Dataset extract.
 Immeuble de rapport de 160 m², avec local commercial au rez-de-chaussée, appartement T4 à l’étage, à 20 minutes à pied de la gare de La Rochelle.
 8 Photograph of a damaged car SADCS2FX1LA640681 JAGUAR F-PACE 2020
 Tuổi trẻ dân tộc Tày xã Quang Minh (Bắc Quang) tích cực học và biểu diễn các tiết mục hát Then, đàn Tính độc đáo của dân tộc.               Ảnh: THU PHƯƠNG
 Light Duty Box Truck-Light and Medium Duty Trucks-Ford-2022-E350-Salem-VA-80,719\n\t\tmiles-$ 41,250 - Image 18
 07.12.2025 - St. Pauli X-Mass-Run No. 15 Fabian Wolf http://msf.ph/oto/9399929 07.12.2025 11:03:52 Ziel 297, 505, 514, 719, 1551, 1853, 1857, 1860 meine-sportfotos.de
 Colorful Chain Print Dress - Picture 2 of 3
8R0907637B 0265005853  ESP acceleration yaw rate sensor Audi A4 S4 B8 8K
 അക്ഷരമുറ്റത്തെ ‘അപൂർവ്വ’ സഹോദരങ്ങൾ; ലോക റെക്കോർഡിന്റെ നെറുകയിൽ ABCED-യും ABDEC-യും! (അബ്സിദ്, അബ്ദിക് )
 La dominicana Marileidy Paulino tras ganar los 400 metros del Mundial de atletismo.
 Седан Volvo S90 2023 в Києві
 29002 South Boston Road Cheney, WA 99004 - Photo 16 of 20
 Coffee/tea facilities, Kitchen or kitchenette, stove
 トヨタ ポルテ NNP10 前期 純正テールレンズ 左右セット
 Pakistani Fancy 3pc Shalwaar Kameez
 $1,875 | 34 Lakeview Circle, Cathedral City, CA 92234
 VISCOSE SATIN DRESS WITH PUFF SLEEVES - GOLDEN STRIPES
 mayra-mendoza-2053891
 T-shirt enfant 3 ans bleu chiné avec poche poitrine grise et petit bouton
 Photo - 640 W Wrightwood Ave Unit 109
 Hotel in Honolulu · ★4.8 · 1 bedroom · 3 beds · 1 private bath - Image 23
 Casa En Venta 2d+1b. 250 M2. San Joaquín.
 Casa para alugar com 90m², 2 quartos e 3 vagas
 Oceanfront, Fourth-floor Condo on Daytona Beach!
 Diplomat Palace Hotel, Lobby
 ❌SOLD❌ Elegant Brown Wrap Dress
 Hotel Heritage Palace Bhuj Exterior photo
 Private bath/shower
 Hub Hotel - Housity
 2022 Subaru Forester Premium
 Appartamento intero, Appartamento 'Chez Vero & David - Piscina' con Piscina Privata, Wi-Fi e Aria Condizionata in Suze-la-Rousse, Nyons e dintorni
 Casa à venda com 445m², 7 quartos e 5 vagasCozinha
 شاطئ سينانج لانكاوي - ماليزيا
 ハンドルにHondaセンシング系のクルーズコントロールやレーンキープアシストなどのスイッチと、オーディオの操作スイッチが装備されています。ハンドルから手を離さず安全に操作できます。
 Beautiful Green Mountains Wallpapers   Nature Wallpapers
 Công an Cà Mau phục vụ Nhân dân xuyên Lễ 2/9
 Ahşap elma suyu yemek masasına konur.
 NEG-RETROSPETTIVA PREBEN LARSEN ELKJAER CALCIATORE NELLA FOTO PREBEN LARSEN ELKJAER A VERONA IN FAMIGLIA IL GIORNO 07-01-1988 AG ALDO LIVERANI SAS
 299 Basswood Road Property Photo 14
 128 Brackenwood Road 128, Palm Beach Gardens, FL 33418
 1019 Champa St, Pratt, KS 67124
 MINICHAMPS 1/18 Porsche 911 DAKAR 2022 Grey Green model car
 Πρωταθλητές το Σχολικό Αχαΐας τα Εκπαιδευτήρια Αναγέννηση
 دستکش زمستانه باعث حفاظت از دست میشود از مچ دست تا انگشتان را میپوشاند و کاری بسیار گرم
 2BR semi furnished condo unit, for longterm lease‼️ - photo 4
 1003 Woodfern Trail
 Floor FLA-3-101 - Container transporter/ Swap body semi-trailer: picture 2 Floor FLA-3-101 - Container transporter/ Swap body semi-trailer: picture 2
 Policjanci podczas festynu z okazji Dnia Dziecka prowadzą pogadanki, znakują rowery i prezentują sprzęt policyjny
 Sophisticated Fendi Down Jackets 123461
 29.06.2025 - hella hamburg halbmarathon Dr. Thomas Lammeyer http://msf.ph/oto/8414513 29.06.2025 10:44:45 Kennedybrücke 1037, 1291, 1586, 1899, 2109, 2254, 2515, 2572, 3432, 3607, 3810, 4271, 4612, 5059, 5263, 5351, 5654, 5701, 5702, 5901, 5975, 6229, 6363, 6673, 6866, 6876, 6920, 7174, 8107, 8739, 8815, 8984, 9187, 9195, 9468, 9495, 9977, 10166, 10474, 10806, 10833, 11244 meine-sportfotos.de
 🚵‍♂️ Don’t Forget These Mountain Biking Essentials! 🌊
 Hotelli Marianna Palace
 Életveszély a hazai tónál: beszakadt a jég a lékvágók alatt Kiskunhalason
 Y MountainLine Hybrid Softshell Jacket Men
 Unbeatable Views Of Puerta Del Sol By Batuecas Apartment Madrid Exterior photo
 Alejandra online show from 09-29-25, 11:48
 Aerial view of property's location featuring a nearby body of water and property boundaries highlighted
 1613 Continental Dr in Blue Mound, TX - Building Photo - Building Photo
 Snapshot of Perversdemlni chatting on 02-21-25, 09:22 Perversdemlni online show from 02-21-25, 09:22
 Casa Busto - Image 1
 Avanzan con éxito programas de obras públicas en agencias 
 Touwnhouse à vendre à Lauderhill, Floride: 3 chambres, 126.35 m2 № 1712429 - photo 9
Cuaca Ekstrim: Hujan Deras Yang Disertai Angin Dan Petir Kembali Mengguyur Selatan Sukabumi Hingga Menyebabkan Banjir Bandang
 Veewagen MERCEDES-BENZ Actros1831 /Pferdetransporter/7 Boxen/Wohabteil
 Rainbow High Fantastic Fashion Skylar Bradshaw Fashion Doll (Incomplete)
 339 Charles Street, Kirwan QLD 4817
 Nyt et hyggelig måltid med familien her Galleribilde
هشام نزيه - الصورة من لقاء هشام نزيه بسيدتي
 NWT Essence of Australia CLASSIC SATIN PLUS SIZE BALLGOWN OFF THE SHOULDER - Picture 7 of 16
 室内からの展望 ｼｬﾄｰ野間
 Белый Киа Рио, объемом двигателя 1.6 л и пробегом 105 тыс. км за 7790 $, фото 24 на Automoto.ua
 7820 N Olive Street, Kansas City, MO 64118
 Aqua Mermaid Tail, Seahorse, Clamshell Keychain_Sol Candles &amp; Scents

Problem statement. Your task is to reproduce the entire listing exactly as it appears.

Reply.
 Immeuble de rapport de 160 m², avec local commercial au rez-de-chaussée, appartement T4 à l’étage, à 20 minutes à pied de la gare de La Rochelle.
 8 Photograph of a damaged car SADCS2FX1LA640681 JAGUAR F-PACE 2020
 Tuổi trẻ dân tộc Tày xã Quang Minh (Bắc Quang) tích cực học và biểu diễn các tiết mục hát Then, đàn Tính độc đáo của dân tộc.               Ảnh: THU PHƯƠNG
 Light Duty Box Truck-Light and Medium Duty Trucks-Ford-2022-E350-Salem-VA-80,719\n\t\tmiles-$ 41,250 - Image 18
 07.12.2025 - St. Pauli X-Mass-Run No. 15 Fabian Wolf http://msf.ph/oto/9399929 07.12.2025 11:03:52 Ziel 297, 505, 514, 719, 1551, 1853, 1857, 1860 meine-sportfotos.de
 Colorful Chain Print Dress - Picture 2 of 3
8R0907637B 0265005853  ESP acceleration yaw rate sensor Audi A4 S4 B8 8K
 അക്ഷരമുറ്റത്തെ ‘അപൂർവ്വ’ സഹോദരങ്ങൾ; ലോക റെക്കോർഡിന്റെ നെറുകയിൽ ABCED-യും ABDEC-യും! (അബ്സിദ്, അബ്ദിക് )
 La dominicana Marileidy Paulino tras ganar los 400 metros del Mundial de atletismo.
 Седан Volvo S90 2023 в Києві
 29002 South Boston Road Cheney, WA 99004 - Photo 16 of 20
 Coffee/tea facilities, Kitchen or kitchenette, stove
 トヨタ ポルテ NNP10 前期 純正テールレンズ 左右セット
 Pakistani Fancy 3pc Shalwaar Kameez
 $1,875 | 34 Lakeview Circle, Cathedral City, CA 92234
 VISCOSE SATIN DRESS WITH PUFF SLEEVES - GOLDEN STRIPES
 mayra-mendoza-2053891
 T-shirt enfant 3 ans bleu chiné avec poche poitrine grise et petit bouton
 Photo - 640 W Wrightwood Ave Unit 109
 Hotel in Honolulu · ★4.8 · 1 bedroom · 3 beds · 1 private bath - Image 23
 Casa En Venta 2d+1b. 250 M2. San Joaquín.
 Casa para alugar com 90m², 2 quartos e 3 vagas
 Oceanfront, Fourth-floor Condo on Daytona Beach!
 Diplomat Palace Hotel, Lobby
 ❌SOLD❌ Elegant Brown Wrap Dress
 Hotel Heritage Palace Bhuj Exterior photo
 Private bath/shower
 Hub Hotel - Housity
 2022 Subaru Forester Premium
 Appartamento intero, Appartamento 'Chez Vero & David - Piscina' con Piscina Privata, Wi-Fi e Aria Condizionata in Suze-la-Rousse, Nyons e dintorni
 Casa à venda com 445m², 7 quartos e 5 vagasCozinha
 شاطئ سينانج لانكاوي - ماليزيا
 ハンドルにHondaセンシング系のクルーズコントロールやレーンキープアシストなどのスイッチと、オーディオの操作スイッチが装備されています。ハンドルから手を離さず安全に操作できます。
 Beautiful Green Mountains Wallpapers   Nature Wallpapers
 Công an Cà Mau phục vụ Nhân dân xuyên Lễ 2/9
 Ahşap elma suyu yemek masasına konur.
 NEG-RETROSPETTIVA PREBEN LARSEN ELKJAER CALCIATORE NELLA FOTO PREBEN LARSEN ELKJAER A VERONA IN FAMIGLIA IL GIORNO 07-01-1988 AG ALDO LIVERANI SAS
 299 Basswood Road Property Photo 14
 128 Brackenwood Road 128, Palm Beach Gardens, FL 33418
 1019 Champa St, Pratt, KS 67124
 MINICHAMPS 1/18 Porsche 911 DAKAR 2022 Grey Green model car
 Πρωταθλητές το Σχολικό Αχαΐας τα Εκπαιδευτήρια Αναγέννηση
 دستکش زمستانه باعث حفاظت از دست میشود از مچ دست تا انگشتان را میپوشاند و کاری بسیار گرم
 2BR semi furnished condo unit, for longterm lease‼️ - photo 4
 1003 Woodfern Trail
 Floor FLA-3-101 - Container transporter/ Swap body semi-trailer: picture 2 Floor FLA-3-101 - Container transporter/ Swap body semi-trailer: picture 2
 Policjanci podczas festynu z okazji Dnia Dziecka prowadzą pogadanki, znakują rowery i prezentują sprzęt policyjny
 Sophisticated Fendi Down Jackets 123461
 29.06.2025 - hella hamburg halbmarathon Dr. Thomas Lammeyer http://msf.ph/oto/8414513 29.06.2025 10:44:45 Kennedybrücke 1037, 1291, 1586, 1899, 2109, 2254, 2515, 2572, 3432, 3607, 3810, 4271, 4612, 5059, 5263, 5351, 5654, 5701, 5702, 5901, 5975, 6229, 6363, 6673, 6866, 6876, 6920, 7174, 8107, 8739, 8815, 8984, 9187, 9195, 9468, 9495, 9977, 10166, 10474, 10806, 10833, 11244 meine-sportfotos.de
 🚵‍♂️ Don’t Forget These Mountain Biking Essentials! 🌊
 Hotelli Marianna Palace
 Életveszély a hazai tónál: beszakadt a jég a lékvágók alatt Kiskunhalason
 Y MountainLine Hybrid Softshell Jacket Men
 Unbeatable Views Of Puerta Del Sol By Batuecas Apartment Madrid Exterior photo
 Alejandra online show from 09-29-25, 11:48
 Aerial view of property's location featuring a nearby body of water and property boundaries highlighted
 1613 Continental Dr in Blue Mound, TX - Building Photo - Building Photo
 Snapshot of Perversdemlni chatting on 02-21-25, 09:22 Perversdemlni online show from 02-21-25, 09:22
 Casa Busto - Image 1
 Avanzan con éxito programas de obras públicas en agencias 
 Touwnhouse à vendre à Lauderhill, Floride: 3 chambres, 126.35 m2 № 1712429 - photo 9
Cuaca Ekstrim: Hujan Deras Yang Disertai Angin Dan Petir Kembali Mengguyur Selatan Sukabumi Hingga Menyebabkan Banjir Bandang
 Veewagen MERCEDES-BENZ Actros1831 /Pferdetransporter/7 Boxen/Wohabteil
 Rainbow High Fantastic Fashion Skylar Bradshaw Fashion Doll (Incomplete)
 339 Charles Street, Kirwan QLD 4817
 Nyt et hyggelig måltid med familien her Galleribilde
هشام نزيه - الصورة من لقاء هشام نزيه بسيدتي
 NWT Essence of Australia CLASSIC SATIN PLUS SIZE BALLGOWN OFF THE SHOULDER - Picture 7 of 16
 室内からの展望 ｼｬﾄｰ野間
 Белый Киа Рио, объемом двигателя 1.6 л и пробегом 105 тыс. км за 7790 $, фото 24 на Automoto.ua
 7820 N Olive Street, Kansas City, MO 64118
 Aqua Mermaid Tail, Seahorse, Clamshell Keychain_Sol Candles &amp; Scents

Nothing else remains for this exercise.